# King Salmon Steampunk



## Scottart (Jan 8, 2015)

Promise, this is the last one for a while must get back to real work. 

25" King salmon Steampunk salmon out of Baltic birch Had a big scar in the wood by the gills once carving was complete, but does not seem to distract from the overall steampunkyness….

Thanks for looking


----------



## difalkner (Jan 3, 2012)

Excellent, as usual, Scott! The scar fits, I think.

David


----------



## TenGees (Sep 12, 2012)

Hahaha, nice how you can see the gears through the ribs.


----------



## RainMan 2.0 (May 6, 2014)

Another amazing outcome . Great paint job Scott


----------



## MEBCWD (Jan 14, 2012)

I agree with David, the scar doesn't detract from the overall look of the project and it fits into the steampunk theme.

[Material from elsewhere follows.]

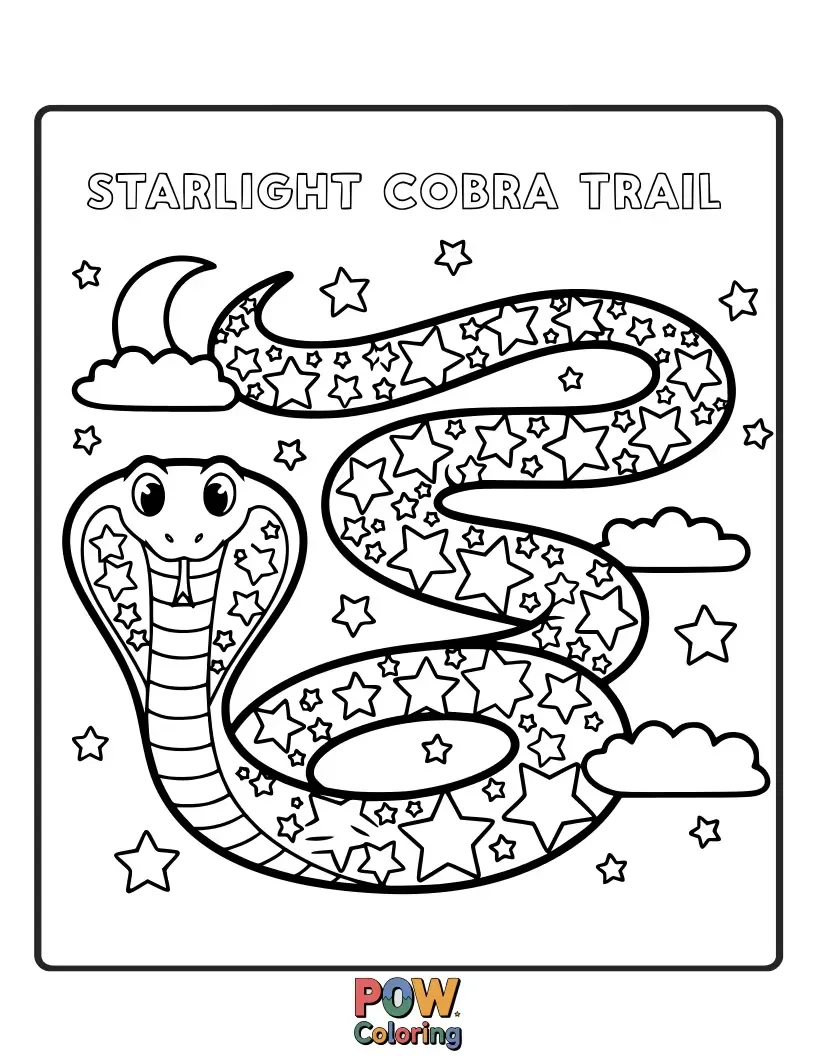 Free coloring page of A unique cobra snake leaving a shimmering trail of stardust as it slithers across the night.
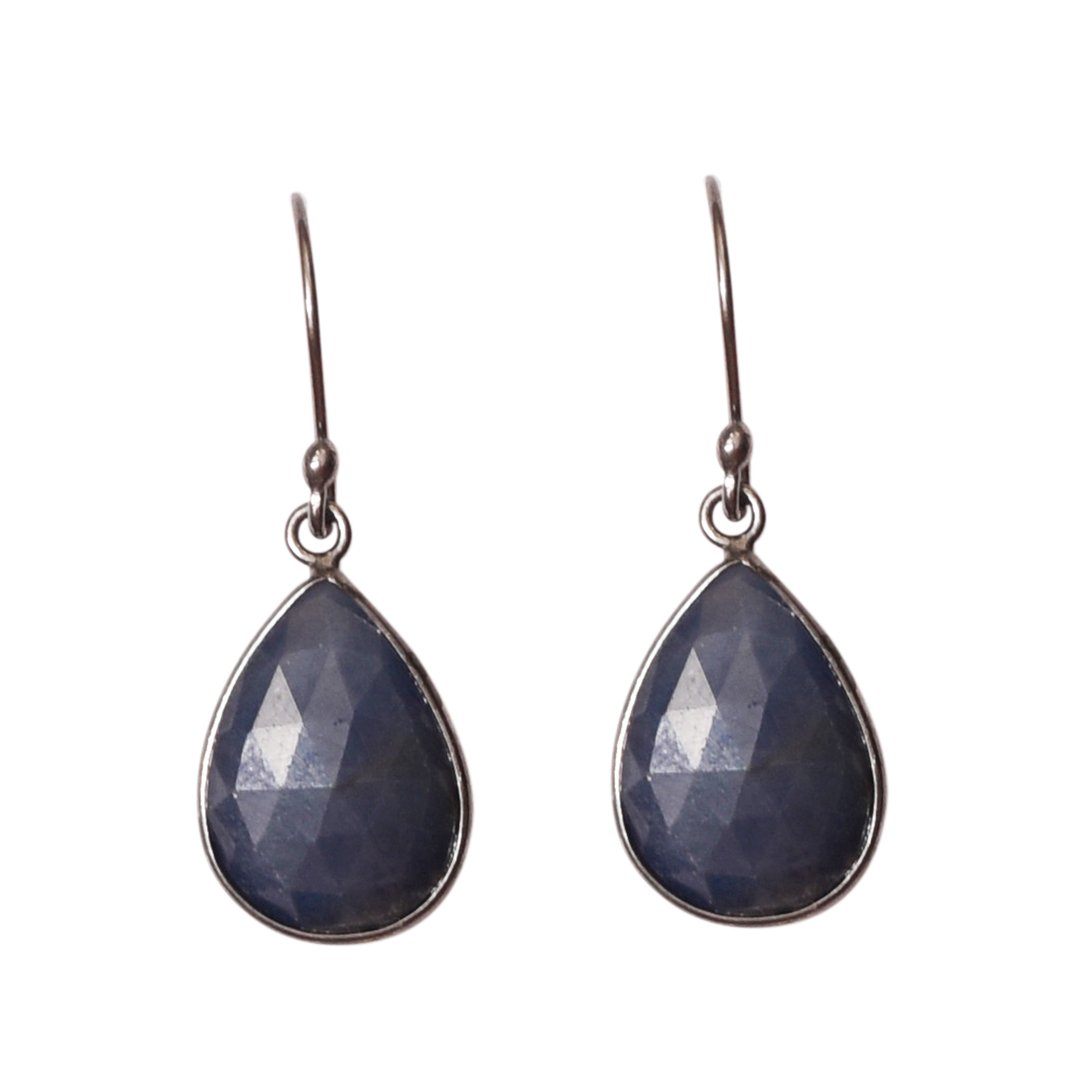 Pear Cut Teardrop Dangle Earrings blue sapphire silver gold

Great paint job as always, really helps add to that steampunk fell.


----------



## kp91 (Sep 10, 2004)

You definitely have the hang of this Genre, another great looking project.


----------



## DaninVan (Jan 1, 2012)

Fantastic, Scott! Like Doug said, you own this concept. 
Personally I think the scar adds character.


----------



## Scottart (Jan 8, 2015)

DaninVan said:


> Fantastic, Scott! Like Doug said, you own this concept.
> Personally I think the scar adds character.


ok than I think I did the scar on purpose... ...yeah that's it.. I planned it that way..


----------